Given records:
——————————

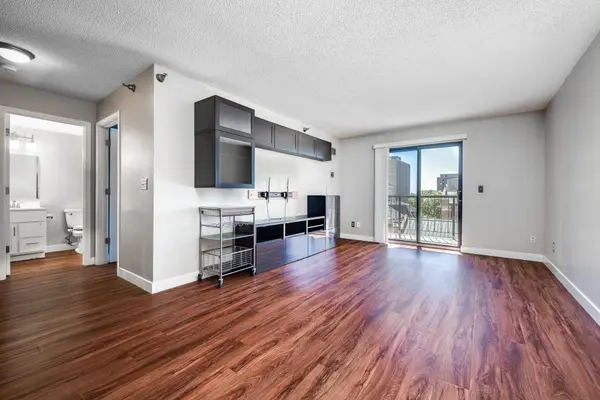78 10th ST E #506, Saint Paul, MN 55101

——————————

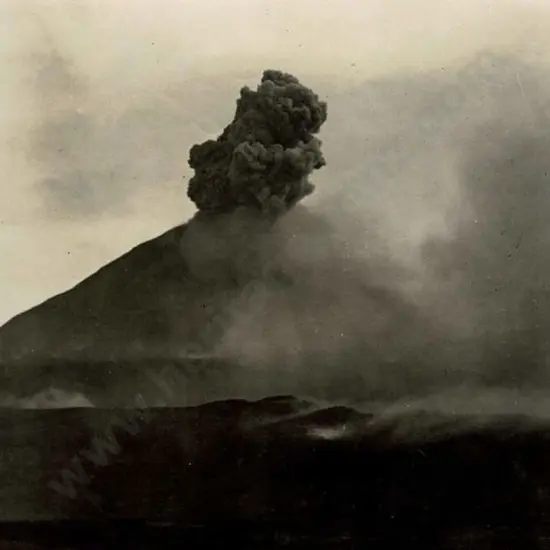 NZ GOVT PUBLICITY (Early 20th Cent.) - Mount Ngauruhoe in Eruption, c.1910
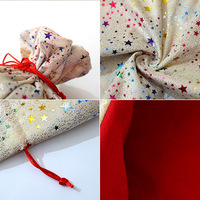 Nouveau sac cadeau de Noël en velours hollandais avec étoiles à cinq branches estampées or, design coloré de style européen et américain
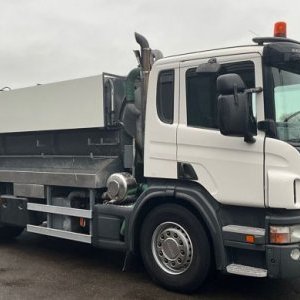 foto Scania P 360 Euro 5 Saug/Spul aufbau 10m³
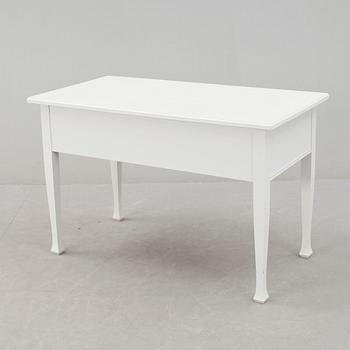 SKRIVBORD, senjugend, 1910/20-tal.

——————————

What you have to do: Reproduce the records above exactly, but only from the line with "foto Scania P" up to and including the line with "SKRIVBORD, senjugend, 1910/20-tal.". Leave the pictures out.

Task result:
 foto Scania P 360 Euro 5 Saug/Spul aufbau 10m³
 SKRIVBORD, senjugend, 1910/20-tal.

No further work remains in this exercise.